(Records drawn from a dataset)
* * *
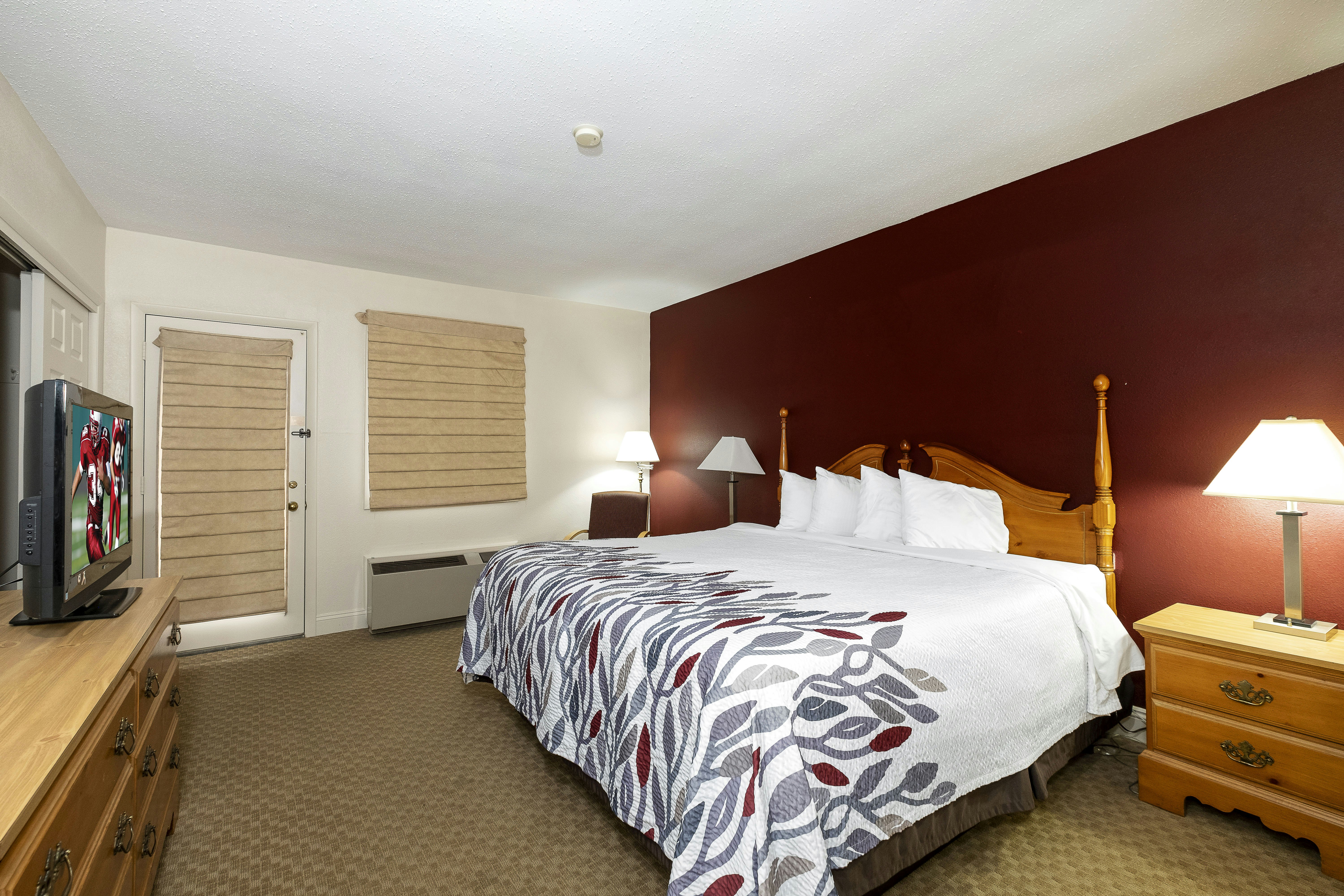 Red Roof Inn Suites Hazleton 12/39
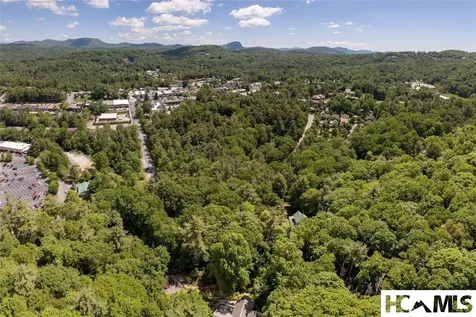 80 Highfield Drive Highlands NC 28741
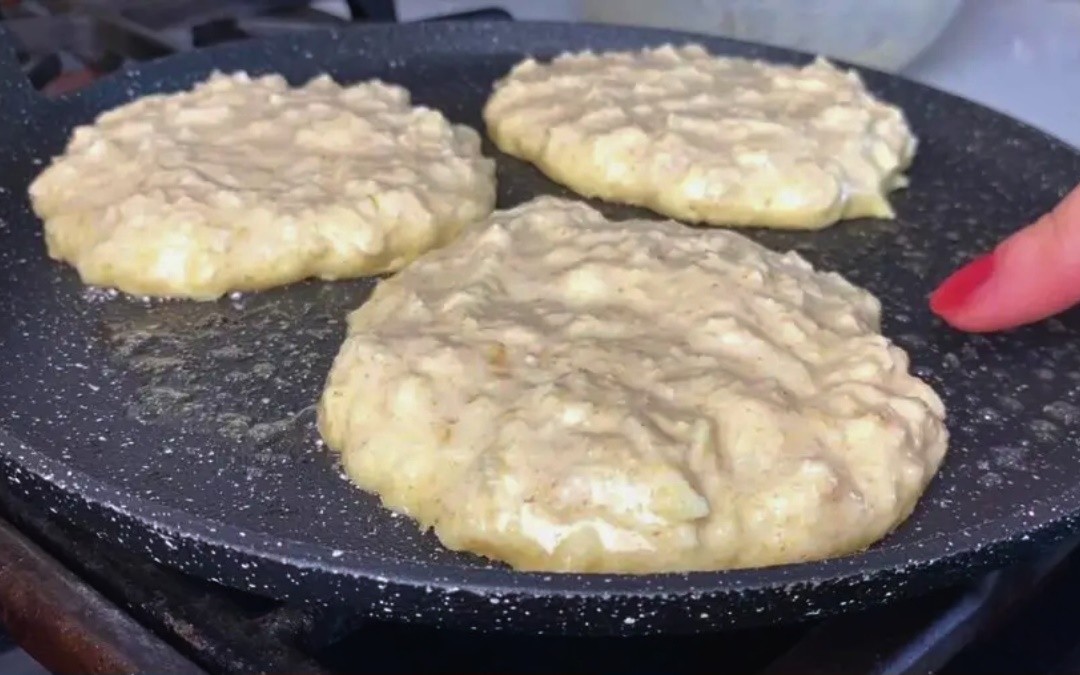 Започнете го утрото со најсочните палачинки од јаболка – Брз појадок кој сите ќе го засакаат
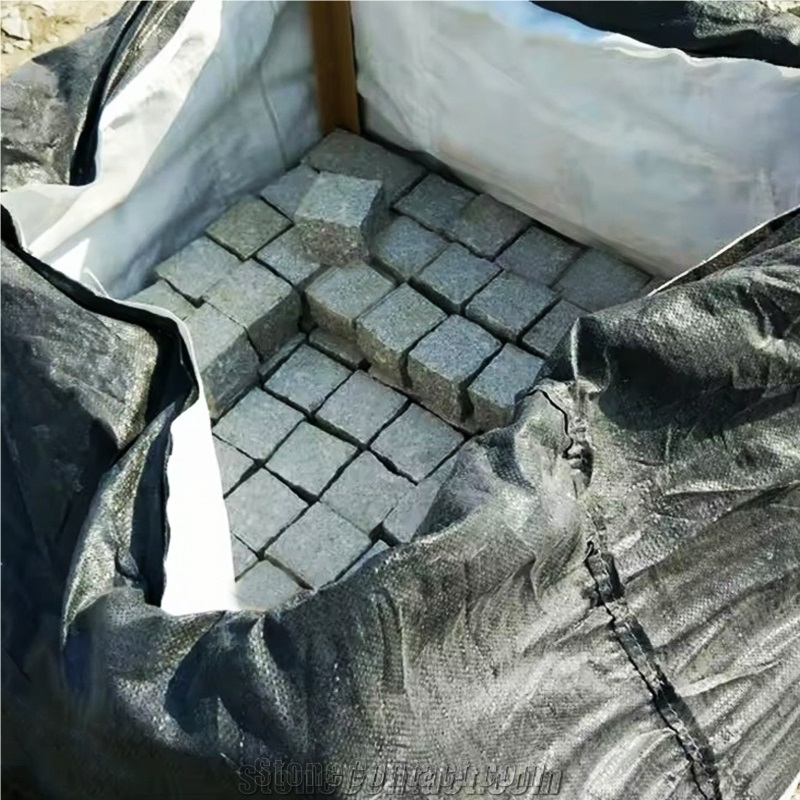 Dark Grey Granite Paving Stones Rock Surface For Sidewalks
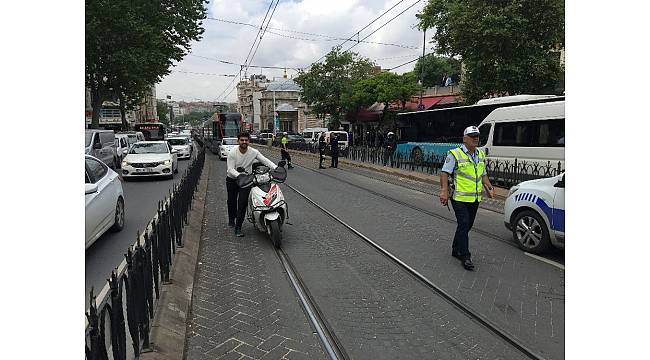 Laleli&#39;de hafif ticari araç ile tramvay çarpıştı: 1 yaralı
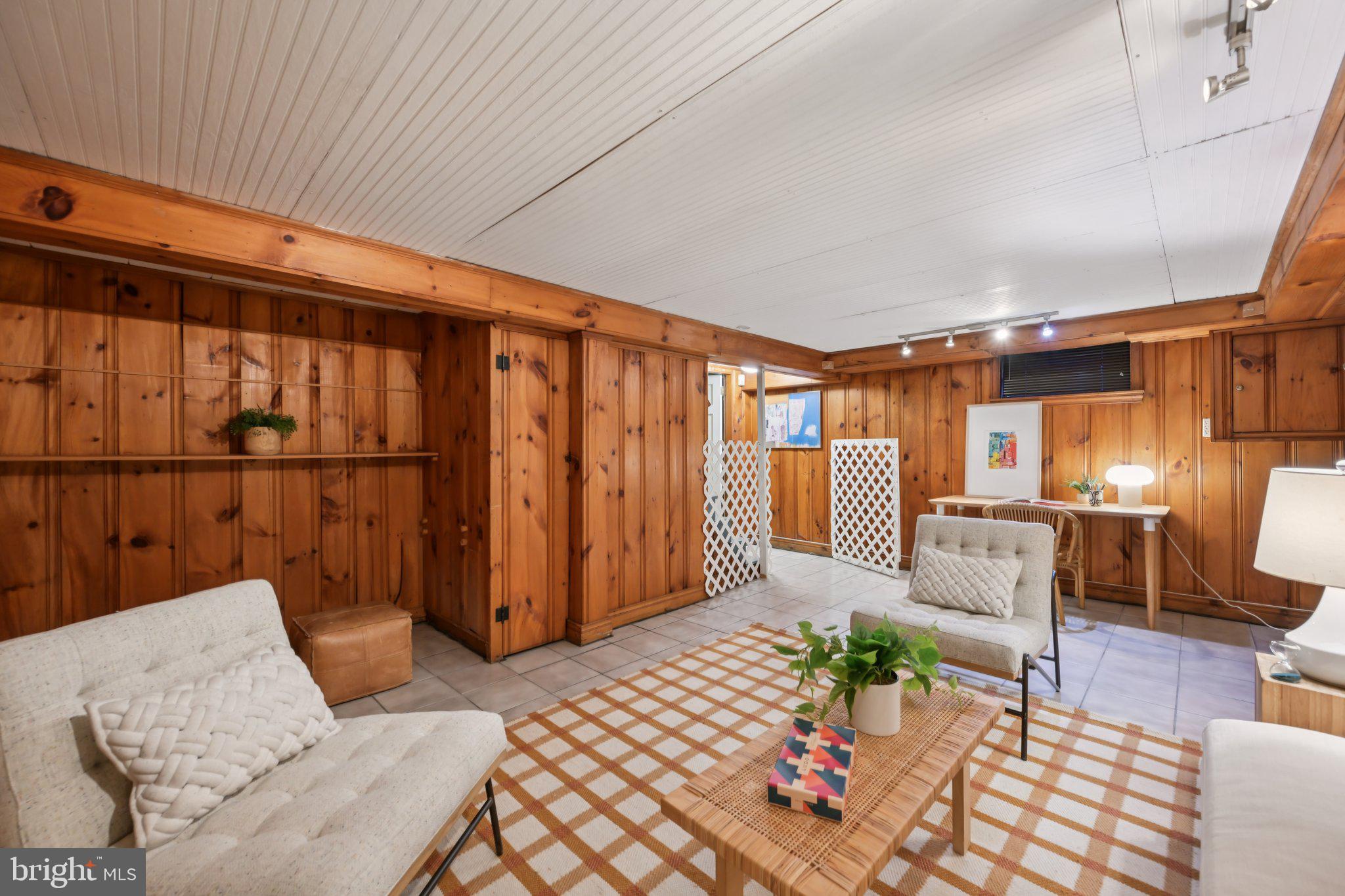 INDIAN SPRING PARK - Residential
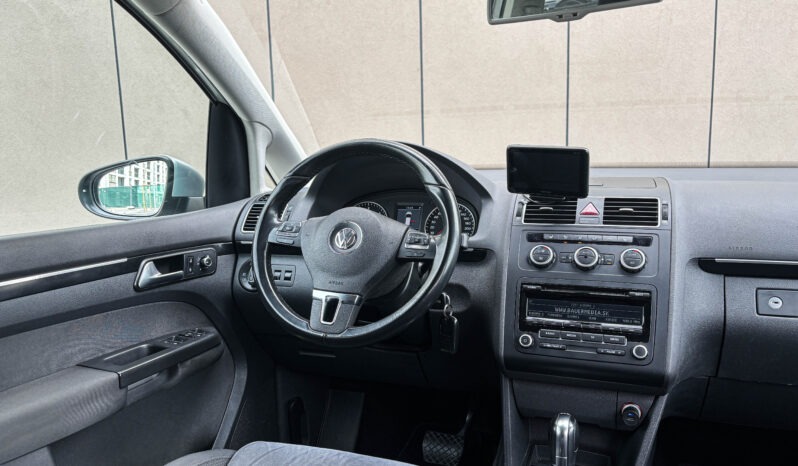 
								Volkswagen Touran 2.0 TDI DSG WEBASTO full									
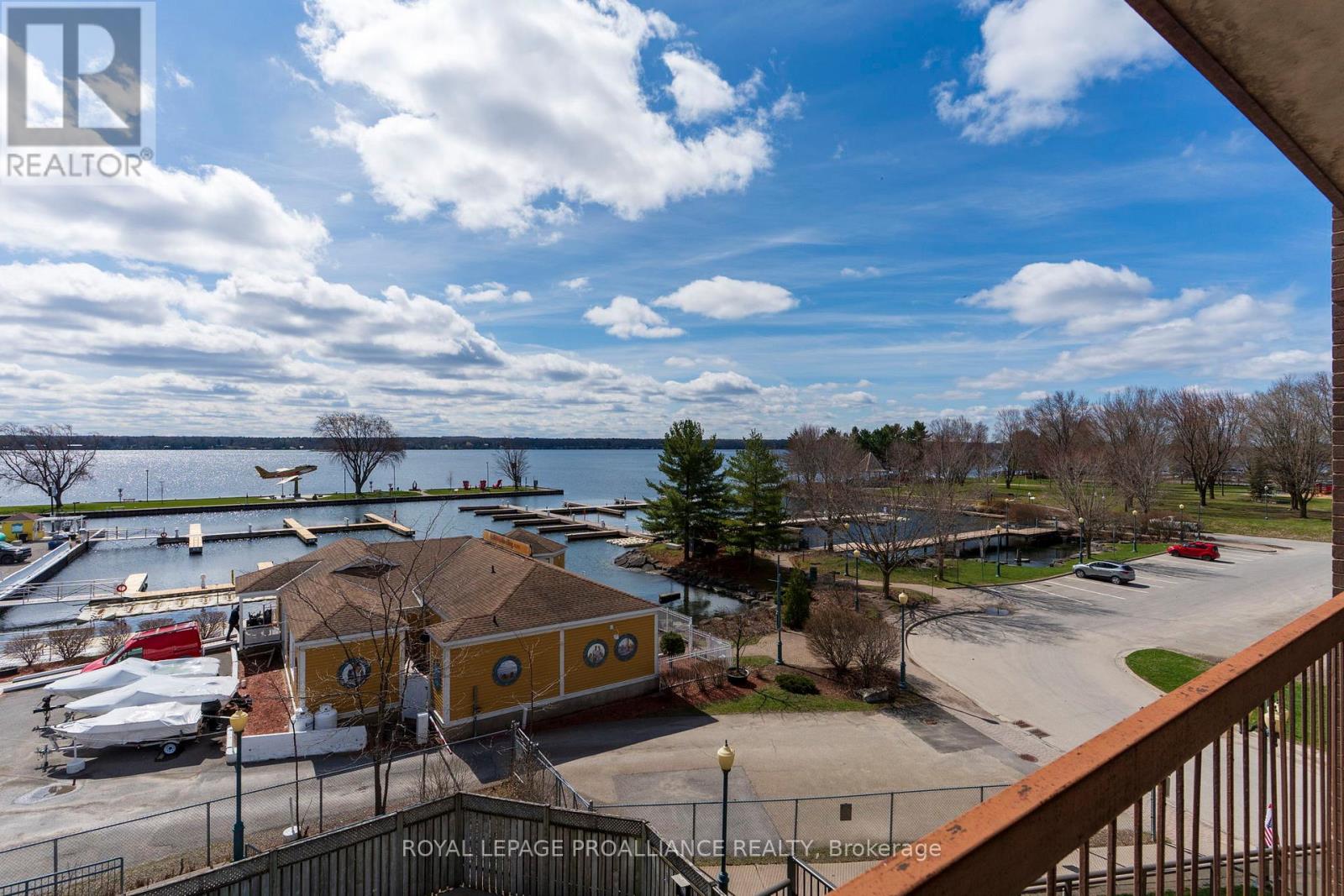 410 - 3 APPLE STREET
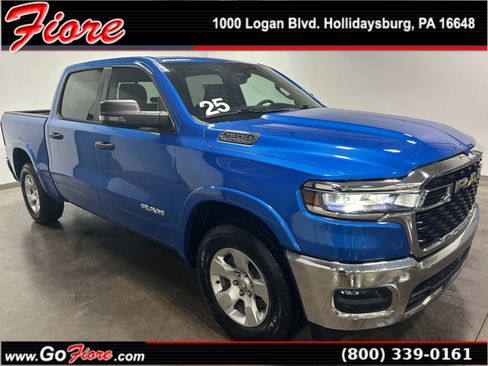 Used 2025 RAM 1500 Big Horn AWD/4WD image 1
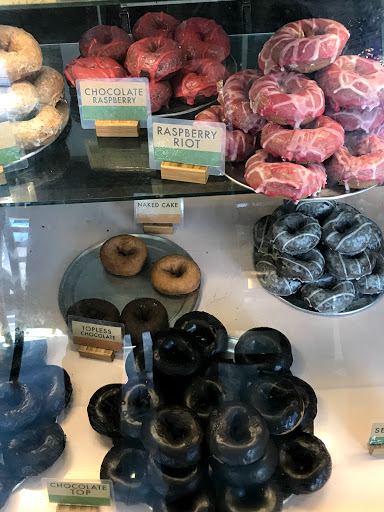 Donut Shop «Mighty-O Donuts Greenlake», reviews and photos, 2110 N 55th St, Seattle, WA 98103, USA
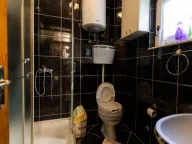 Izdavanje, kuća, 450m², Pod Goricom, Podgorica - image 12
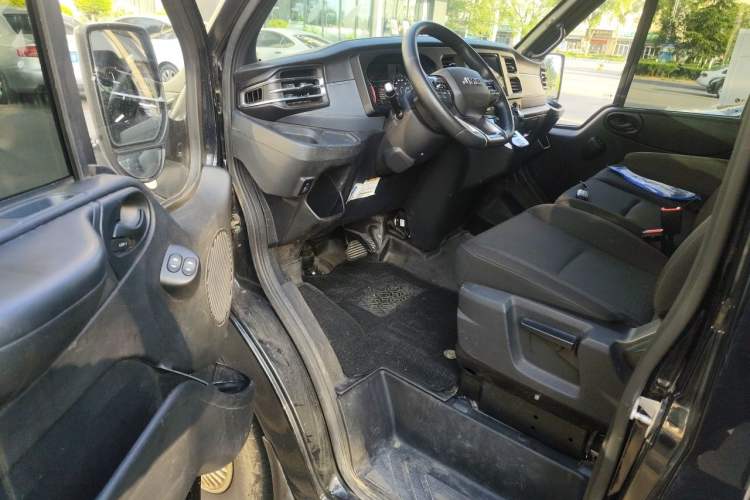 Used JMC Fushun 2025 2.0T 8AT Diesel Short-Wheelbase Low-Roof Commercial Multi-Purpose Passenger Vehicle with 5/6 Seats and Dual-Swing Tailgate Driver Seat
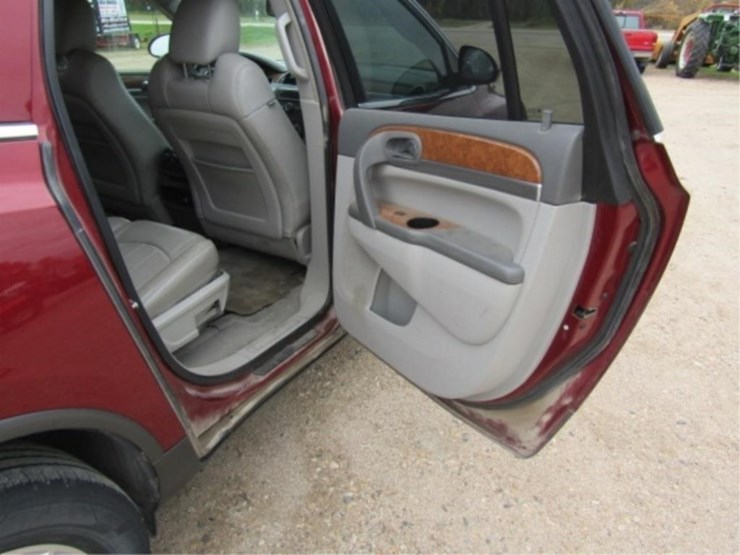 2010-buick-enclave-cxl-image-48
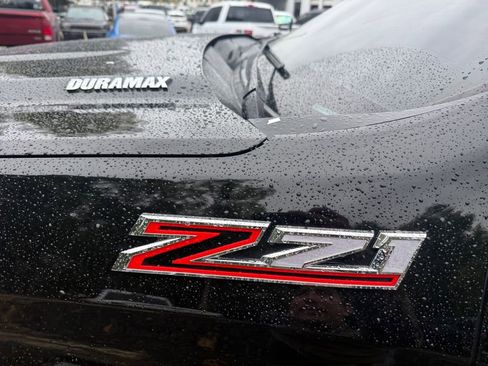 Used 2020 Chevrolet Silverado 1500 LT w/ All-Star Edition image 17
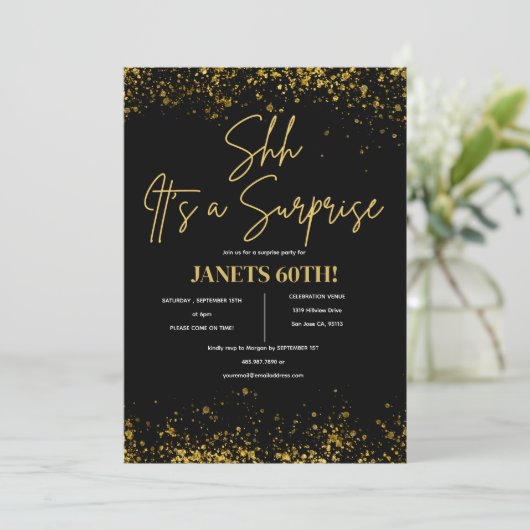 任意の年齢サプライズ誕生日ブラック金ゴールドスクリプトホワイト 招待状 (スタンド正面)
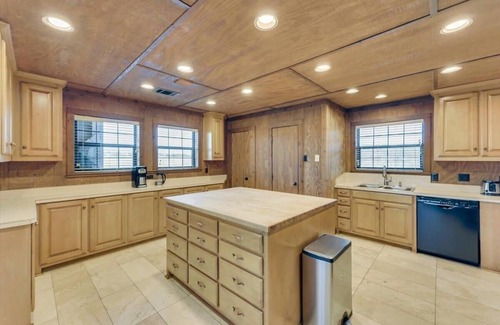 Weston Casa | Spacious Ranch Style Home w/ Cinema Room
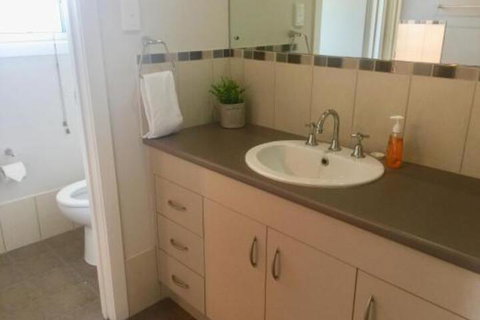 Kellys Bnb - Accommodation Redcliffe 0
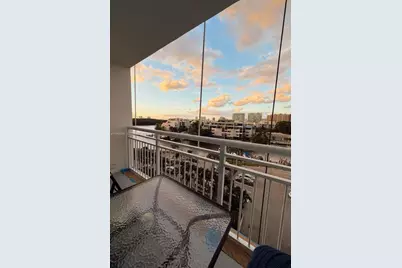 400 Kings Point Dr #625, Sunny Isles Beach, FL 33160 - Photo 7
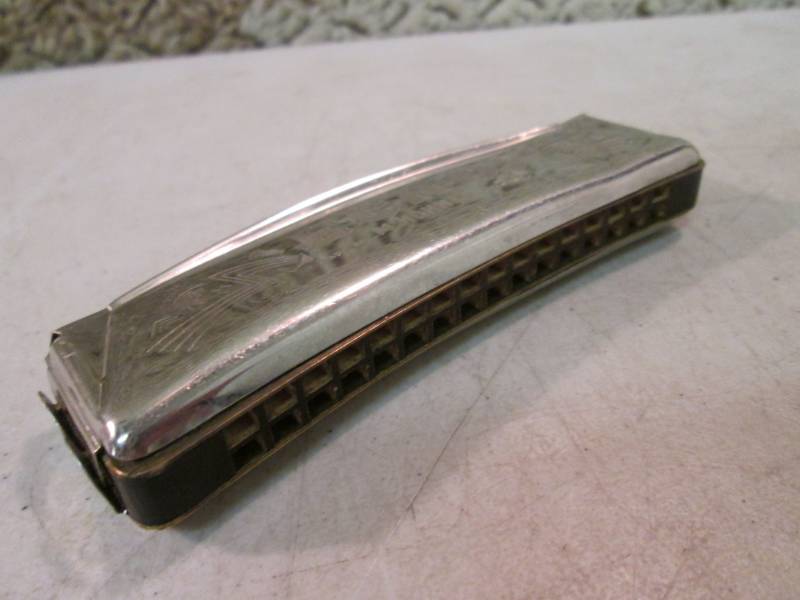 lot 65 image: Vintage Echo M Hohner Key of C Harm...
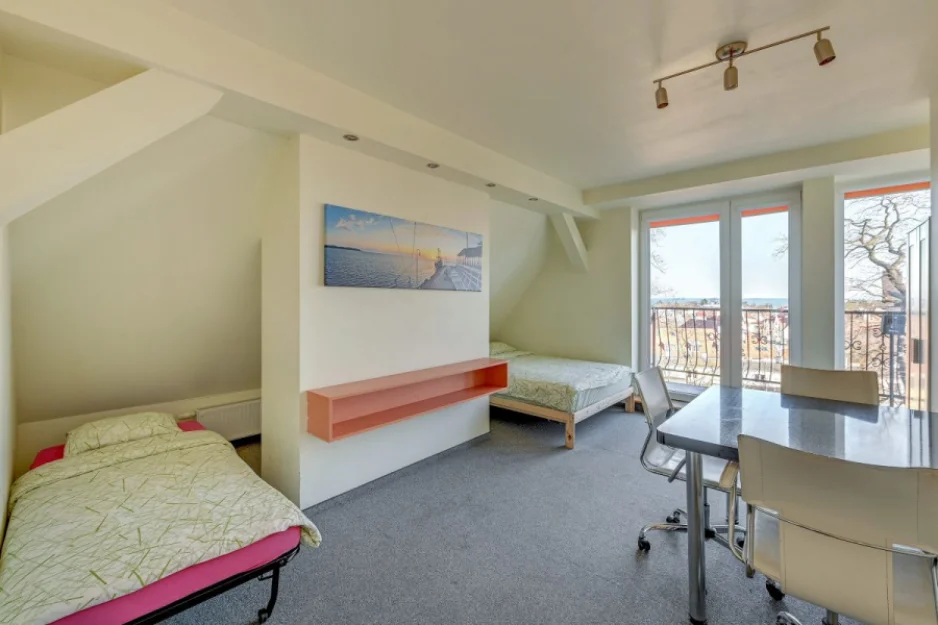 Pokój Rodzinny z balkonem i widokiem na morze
* * *
From the first line of the records down through the line containing "Used 2025 RAM 1500 Big Horn AWD/4WD image 1", transcribe exactly those lines and no others, both ends kept, pictures dropped.

 Red Roof Inn Suites Hazleton 12/39
 80 Highfield Drive Highlands NC 28741
 Започнете го утрото со најсочните палачинки од јаболка – Брз појадок кој сите ќе го засакаат
 Dark Grey Granite Paving Stones Rock Surface For Sidewalks
 Laleli&#39;de hafif ticari araç ile tramvay çarpıştı: 1 yaralı
 INDIAN SPRING PARK - Residential
								Volkswagen Touran 2.0 TDI DSG WEBASTO full									
 410 - 3 APPLE STREET
 Used 2025 RAM 1500 Big Horn AWD/4WD image 1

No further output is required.